EXERCISE GOAL: Search the data for the string "wallpaper" and extract every line where it appears.

(Data items)
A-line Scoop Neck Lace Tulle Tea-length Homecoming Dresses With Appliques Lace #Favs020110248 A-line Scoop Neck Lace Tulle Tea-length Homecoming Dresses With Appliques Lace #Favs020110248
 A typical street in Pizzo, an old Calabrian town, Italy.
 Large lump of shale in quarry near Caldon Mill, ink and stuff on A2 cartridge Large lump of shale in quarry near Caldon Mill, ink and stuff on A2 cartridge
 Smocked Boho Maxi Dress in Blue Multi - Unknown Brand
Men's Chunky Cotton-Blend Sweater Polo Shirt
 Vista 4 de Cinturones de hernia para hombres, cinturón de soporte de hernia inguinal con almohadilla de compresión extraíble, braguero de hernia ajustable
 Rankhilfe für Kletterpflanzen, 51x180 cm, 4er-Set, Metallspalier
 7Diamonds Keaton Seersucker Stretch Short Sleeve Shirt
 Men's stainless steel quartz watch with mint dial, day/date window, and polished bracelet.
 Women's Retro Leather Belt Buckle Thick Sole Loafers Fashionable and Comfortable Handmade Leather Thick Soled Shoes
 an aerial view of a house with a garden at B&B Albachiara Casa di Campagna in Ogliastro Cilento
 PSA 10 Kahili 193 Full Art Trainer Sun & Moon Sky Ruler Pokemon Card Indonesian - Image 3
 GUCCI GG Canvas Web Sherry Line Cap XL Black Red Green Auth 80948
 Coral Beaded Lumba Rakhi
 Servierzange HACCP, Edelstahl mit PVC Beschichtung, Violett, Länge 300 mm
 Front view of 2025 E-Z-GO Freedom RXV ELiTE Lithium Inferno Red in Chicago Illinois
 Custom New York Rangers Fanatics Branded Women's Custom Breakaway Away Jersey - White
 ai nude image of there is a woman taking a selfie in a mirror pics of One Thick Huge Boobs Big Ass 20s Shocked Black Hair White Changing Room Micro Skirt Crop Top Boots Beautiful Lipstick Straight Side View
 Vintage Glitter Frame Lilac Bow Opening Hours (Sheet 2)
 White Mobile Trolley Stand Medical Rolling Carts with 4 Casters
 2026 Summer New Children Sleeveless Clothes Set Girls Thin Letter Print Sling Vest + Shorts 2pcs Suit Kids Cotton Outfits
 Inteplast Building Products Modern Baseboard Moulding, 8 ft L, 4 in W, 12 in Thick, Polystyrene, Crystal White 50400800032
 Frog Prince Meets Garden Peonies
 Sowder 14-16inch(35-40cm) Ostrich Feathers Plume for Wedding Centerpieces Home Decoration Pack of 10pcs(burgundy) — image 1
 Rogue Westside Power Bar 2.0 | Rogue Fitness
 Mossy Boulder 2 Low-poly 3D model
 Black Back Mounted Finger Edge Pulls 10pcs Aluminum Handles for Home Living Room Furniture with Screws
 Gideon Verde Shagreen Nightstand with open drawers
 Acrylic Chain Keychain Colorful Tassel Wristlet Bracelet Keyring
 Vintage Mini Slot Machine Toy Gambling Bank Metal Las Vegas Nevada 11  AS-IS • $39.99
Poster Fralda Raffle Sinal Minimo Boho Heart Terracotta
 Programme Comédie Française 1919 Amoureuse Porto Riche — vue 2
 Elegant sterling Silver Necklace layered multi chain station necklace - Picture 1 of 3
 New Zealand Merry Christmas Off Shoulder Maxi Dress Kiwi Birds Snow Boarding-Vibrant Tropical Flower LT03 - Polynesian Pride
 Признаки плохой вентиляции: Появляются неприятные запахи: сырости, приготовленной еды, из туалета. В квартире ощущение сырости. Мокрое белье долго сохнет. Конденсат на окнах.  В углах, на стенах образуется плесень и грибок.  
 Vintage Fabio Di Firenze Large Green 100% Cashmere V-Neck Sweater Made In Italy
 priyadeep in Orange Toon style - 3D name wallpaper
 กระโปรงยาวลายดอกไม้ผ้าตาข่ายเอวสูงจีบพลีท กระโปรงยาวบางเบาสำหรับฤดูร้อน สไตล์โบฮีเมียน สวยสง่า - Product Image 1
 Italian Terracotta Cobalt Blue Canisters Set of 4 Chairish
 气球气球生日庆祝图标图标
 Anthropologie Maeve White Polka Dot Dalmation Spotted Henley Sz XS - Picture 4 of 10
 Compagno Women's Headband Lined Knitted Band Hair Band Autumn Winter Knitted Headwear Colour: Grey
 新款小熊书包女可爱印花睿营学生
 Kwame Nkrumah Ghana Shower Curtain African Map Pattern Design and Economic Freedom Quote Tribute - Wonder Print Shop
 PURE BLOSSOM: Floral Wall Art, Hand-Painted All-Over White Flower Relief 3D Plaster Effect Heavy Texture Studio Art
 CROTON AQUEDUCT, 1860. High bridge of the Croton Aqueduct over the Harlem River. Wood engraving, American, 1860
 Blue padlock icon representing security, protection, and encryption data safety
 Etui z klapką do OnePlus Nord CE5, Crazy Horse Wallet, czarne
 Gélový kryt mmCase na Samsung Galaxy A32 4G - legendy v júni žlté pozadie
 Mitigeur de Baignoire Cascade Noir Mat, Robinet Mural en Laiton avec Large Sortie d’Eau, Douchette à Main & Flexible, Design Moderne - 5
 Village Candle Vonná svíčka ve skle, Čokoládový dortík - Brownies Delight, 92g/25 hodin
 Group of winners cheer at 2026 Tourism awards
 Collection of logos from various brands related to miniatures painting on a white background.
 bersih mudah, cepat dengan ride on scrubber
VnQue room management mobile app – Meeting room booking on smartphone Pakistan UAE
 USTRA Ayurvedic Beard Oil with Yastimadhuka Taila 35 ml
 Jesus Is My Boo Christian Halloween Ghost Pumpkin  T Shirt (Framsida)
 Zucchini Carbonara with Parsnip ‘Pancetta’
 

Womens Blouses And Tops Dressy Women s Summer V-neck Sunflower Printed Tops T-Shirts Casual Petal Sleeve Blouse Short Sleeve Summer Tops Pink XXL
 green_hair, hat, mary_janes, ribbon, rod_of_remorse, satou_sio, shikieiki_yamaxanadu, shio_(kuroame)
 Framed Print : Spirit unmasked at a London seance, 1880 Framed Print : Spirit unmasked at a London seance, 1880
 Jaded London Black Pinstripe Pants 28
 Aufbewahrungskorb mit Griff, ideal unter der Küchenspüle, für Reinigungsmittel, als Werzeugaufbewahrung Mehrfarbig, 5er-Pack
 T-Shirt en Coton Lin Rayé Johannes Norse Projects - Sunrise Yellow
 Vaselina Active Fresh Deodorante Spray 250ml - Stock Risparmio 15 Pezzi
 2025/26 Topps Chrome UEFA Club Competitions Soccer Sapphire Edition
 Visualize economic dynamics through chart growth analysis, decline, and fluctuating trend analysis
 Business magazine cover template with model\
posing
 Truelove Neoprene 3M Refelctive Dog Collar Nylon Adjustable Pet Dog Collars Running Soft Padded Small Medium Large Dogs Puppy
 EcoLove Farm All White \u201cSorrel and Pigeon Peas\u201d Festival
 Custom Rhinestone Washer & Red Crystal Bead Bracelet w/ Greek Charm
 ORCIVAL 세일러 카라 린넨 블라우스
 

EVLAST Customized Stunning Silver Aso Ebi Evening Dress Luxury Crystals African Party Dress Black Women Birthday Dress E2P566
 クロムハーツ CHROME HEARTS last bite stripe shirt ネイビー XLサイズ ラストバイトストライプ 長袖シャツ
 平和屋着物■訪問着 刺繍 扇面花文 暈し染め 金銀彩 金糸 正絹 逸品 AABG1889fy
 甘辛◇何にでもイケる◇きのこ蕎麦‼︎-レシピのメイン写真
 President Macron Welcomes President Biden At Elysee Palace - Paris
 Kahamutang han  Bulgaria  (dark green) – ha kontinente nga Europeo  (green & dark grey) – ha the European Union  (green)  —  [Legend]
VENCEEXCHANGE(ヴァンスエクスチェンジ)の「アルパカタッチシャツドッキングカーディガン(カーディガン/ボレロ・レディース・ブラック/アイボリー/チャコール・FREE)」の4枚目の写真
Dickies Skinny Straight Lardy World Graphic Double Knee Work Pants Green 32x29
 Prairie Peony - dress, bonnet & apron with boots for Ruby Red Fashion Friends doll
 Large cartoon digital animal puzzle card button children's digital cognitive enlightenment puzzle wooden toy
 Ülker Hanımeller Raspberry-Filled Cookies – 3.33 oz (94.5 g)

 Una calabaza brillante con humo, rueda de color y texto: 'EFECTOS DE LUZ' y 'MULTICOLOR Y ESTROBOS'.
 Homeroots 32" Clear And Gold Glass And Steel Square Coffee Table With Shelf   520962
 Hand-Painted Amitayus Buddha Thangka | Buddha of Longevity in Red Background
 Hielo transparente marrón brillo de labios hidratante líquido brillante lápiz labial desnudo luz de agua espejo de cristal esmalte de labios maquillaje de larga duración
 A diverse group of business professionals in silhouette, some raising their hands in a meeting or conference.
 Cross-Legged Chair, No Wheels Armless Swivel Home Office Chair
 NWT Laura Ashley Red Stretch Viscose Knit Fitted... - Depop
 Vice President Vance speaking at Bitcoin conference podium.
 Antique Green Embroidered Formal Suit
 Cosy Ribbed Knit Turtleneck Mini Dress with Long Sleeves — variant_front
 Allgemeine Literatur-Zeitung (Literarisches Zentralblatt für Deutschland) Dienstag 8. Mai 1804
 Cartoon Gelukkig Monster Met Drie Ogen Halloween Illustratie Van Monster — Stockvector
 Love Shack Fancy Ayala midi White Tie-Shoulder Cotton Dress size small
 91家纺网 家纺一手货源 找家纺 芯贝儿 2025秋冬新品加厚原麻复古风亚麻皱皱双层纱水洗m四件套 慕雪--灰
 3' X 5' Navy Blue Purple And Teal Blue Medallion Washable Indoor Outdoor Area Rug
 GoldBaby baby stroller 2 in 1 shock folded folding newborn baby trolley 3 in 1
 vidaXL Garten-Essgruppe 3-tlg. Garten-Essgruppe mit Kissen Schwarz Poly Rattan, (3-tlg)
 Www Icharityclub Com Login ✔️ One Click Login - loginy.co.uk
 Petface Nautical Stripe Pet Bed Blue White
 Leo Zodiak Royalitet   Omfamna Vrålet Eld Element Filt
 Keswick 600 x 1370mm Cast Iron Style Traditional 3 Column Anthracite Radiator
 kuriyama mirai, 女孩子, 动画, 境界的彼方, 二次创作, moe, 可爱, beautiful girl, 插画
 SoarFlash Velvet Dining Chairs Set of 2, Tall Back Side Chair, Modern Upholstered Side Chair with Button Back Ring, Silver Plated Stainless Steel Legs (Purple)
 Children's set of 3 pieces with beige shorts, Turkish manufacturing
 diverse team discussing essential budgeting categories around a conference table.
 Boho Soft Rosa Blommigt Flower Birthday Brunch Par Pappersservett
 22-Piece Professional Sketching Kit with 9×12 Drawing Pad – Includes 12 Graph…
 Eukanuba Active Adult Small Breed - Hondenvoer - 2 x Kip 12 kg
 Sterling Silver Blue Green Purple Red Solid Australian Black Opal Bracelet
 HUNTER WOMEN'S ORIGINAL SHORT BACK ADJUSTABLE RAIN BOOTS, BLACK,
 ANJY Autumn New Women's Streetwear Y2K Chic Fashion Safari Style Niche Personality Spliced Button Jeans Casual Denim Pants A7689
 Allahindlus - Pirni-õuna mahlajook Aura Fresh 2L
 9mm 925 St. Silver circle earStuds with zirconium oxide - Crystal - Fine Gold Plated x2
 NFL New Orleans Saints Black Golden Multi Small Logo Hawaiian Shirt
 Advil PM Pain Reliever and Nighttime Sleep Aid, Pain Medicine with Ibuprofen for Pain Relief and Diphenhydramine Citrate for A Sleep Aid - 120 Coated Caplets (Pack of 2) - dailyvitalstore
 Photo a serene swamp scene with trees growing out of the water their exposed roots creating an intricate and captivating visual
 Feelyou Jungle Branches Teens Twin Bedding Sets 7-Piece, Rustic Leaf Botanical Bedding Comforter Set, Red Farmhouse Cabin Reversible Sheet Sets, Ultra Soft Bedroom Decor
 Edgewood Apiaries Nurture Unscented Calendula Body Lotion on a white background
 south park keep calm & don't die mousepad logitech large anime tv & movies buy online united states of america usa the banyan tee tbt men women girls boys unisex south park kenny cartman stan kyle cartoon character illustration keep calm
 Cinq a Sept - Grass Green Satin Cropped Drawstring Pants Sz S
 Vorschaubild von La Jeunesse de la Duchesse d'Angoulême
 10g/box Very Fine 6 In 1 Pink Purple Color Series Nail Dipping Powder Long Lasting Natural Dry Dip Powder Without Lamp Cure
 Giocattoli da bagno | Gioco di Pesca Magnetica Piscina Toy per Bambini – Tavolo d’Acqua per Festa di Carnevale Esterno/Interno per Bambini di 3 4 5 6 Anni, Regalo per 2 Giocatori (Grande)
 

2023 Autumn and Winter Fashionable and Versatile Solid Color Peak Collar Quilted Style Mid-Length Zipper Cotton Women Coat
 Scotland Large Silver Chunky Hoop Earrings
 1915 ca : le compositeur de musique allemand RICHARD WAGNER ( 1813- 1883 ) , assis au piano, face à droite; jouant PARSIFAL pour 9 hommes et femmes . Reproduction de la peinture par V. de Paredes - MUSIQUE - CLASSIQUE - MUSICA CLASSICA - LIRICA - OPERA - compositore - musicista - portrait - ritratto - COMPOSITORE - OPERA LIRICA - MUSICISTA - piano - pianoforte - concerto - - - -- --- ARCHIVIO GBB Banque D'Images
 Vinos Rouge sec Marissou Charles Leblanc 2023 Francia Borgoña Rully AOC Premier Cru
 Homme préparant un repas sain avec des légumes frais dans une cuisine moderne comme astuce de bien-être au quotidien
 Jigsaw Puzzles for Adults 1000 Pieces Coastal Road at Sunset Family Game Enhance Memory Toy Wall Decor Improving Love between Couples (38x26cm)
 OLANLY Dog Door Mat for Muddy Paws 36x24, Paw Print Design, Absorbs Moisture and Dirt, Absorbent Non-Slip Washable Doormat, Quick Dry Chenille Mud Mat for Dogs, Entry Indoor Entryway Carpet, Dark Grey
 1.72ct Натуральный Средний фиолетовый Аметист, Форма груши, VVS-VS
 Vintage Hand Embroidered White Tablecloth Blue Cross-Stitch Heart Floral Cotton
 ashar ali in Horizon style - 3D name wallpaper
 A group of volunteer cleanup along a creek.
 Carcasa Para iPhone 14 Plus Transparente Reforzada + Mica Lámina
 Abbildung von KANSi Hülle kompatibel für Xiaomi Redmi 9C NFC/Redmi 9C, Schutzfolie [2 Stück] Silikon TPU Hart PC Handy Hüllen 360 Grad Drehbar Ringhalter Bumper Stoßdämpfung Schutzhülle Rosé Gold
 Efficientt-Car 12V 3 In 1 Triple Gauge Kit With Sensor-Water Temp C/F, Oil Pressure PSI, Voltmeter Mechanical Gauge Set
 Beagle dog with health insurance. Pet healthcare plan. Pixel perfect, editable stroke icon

OUTPUT OF THE EXERCISE:
 priyadeep in Orange Toon style - 3D name wallpaper
 ashar ali in Horizon style - 3D name wallpaper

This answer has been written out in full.